- _What is required_
Only the lines below from the one containing "中国板材十大名品牌排名,中国板材十大品牌2021网上评比" to the one containing "Image result for" should be repeated, both included and unchanged.

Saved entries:
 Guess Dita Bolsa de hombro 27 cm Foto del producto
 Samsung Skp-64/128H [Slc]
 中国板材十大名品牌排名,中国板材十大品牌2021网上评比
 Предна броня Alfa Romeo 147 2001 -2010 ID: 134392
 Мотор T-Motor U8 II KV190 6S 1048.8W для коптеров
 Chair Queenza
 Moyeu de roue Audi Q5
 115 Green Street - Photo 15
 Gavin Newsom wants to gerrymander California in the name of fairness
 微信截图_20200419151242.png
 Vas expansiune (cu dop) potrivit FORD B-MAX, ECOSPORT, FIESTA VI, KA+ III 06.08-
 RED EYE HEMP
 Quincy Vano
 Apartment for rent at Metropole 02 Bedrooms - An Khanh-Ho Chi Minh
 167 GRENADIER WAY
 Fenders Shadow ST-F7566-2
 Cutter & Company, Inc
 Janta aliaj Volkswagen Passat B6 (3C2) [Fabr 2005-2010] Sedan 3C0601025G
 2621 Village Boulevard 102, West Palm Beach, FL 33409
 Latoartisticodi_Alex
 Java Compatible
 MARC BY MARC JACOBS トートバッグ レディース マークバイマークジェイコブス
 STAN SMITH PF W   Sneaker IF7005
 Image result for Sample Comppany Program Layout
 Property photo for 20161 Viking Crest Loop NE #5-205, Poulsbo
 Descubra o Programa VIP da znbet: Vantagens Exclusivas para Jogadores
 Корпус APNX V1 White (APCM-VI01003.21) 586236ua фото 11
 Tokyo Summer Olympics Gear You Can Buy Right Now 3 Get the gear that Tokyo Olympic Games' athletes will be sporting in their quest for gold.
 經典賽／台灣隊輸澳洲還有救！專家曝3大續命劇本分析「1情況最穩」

- _Completed task_
 中国板材十大名品牌排名,中国板材十大品牌2021网上评比
 Предна броня Alfa Romeo 147 2001 -2010 ID: 134392
 Мотор T-Motor U8 II KV190 6S 1048.8W для коптеров
 Chair Queenza
 Moyeu de roue Audi Q5
 115 Green Street - Photo 15
 Gavin Newsom wants to gerrymander California in the name of fairness
 微信截图_20200419151242.png
 Vas expansiune (cu dop) potrivit FORD B-MAX, ECOSPORT, FIESTA VI, KA+ III 06.08-
 RED EYE HEMP
 Quincy Vano
 Apartment for rent at Metropole 02 Bedrooms - An Khanh-Ho Chi Minh
 167 GRENADIER WAY
 Fenders Shadow ST-F7566-2
 Cutter & Company, Inc
 Janta aliaj Volkswagen Passat B6 (3C2) [Fabr 2005-2010] Sedan 3C0601025G
 2621 Village Boulevard 102, West Palm Beach, FL 33409
 Latoartisticodi_Alex
 Java Compatible
 MARC BY MARC JACOBS トートバッグ レディース マークバイマークジェイコブス
 STAN SMITH PF W   Sneaker IF7005
 Image result for Sample Comppany Program Layout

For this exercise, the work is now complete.